To migrate LOBs to Amazon Redshift

  1. Open an AWS SCT project.

  2. Connect to the source and target databases. Refresh metadata from the target database, and make sure that the converted tables exist there.

  3. For Actions, choose Create local task.

  4. For Migration mode, choose one of the following:

    • Extract and upload to extract your data, and upload your data to Amazon S3.

    • Extract, upload and copy to extract your data, upload your data to Amazon S3, and copy it into your Amazon Redshift data warehouse.

  5. Choose Amazon S3 settings.

  6. For Amazon S3 bucket LOBs folder, enter the name of the folder in an Amazon S3 bucket where you want the LOBs stored.

    If you use AWS service profile, this field is optional. AWS SCT can use the default settings from your profile. To use another Amazon S3 bucket, enter the path here.

  7. Turn on the Use proxy option to use a proxy server to upload data to Amazon S3. Then choose the data transfer protocol, enter the host name, port, user name, and password.

  8. For Endpoint type, choose FIPS to use the Federal Information Processing Standard (FIPS) endpoint. Choose VPCE to use the virtual private cloud (VPC) endpoint. Then for VPC endpoint, enter the Domain Name System (DNS) of your VPC endpoint.

  9. Turn on the Keep files on Amazon S3 after copying to Amazon Redshift option to keep extracted files on Amazon S3 after copying these files to Amazon Redshift.

  10. Choose Create to create the task.

Best practices and troubleshooting for data extraction agents

The following are some best practices and troubleshooting suggestions for using extraction agents.

Issue Troubleshooting suggestions

Performance is slow

To improve performance, we recommend the following:

  • Install multiple agents.

  • Install agents on computers close to your data warehouse.

  • Don't run all tables on a single agent task.

Contention delays

Avoid having too many agents accessing your data warehouse at the same time.

An agent goes down temporarily

If an agent is down, the status of each of its tasks appears as failed in AWS SCT. If you wait, in some cases the agent can recover. In this case, the status of its tasks updates in AWS SCT.

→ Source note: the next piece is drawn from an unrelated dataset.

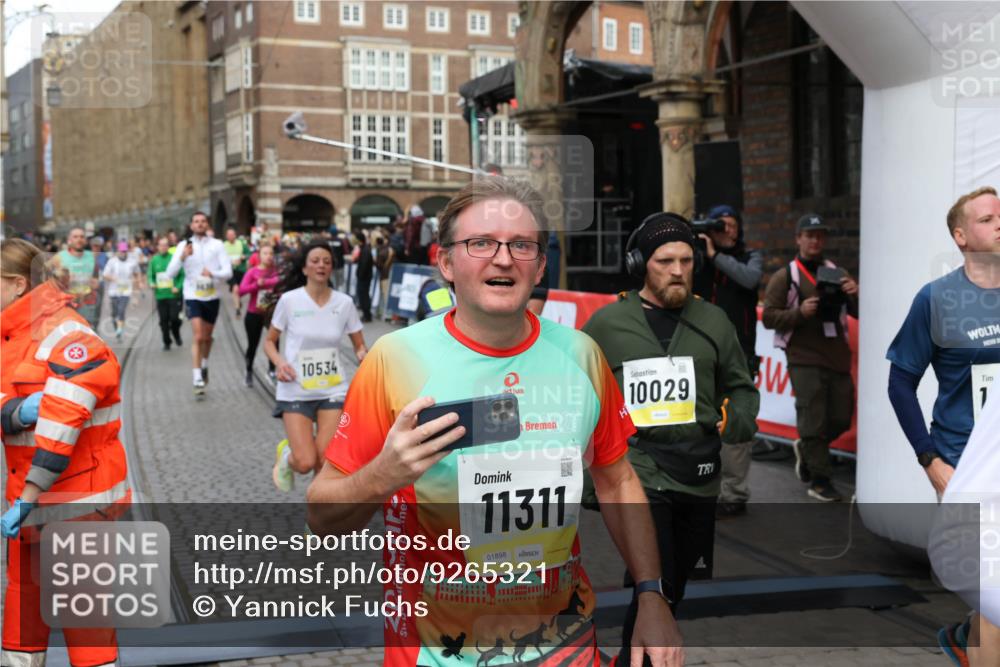 05.10.2025 - 20. swb-Marathon Bremen Yannick Fuchs http://msf.ph/oto/9265321 05.10.2025 10:51:03 Ziel 7733, 9199, 9399, 9630, 9715, 9966, 9975, 10029, 10224, 10227, 10254, 10534, 10689, 10698, 11061, 11220, 11311 meine-sportfotos.de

An agent goes down permanently

If the computer running an agent goes down permanently, and that agent is running a task, you can substitute a new agent to continue the task. You can substitute a new agent only if the working folder of the original agent was not on the same computer as the original agent. To substitute a new agent, do the following:

  • Install an agent on a new computer.

  • Configure the new agent with the same settings, including port number and working folder, as the original agent.

  • Start the agent. After the agent starts, the task discovers the new available agent and continues running on the new agent.